# [Prompt]
Look through the entries below and return all lines including the word "Certified".

# [Source material]
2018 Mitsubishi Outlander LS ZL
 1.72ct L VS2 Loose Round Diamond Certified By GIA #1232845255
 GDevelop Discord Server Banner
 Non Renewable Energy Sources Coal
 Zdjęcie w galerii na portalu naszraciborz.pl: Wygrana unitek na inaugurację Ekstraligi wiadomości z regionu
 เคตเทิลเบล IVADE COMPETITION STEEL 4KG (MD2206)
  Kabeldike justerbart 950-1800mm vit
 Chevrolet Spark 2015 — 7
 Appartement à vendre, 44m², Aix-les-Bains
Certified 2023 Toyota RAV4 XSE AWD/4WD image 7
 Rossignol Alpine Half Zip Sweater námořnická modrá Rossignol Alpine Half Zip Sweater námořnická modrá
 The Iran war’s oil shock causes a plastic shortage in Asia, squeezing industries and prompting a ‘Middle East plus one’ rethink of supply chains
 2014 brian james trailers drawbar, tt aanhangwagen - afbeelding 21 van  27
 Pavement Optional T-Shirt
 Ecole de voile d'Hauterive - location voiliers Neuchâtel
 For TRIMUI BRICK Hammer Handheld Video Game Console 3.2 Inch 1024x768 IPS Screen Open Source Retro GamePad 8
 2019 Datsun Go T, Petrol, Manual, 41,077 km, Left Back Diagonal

# [Worked solution]
 1.72ct L VS2 Loose Round Diamond Certified By GIA #1232845255
Certified 2023 Toyota RAV4 XSE AWD/4WD image 7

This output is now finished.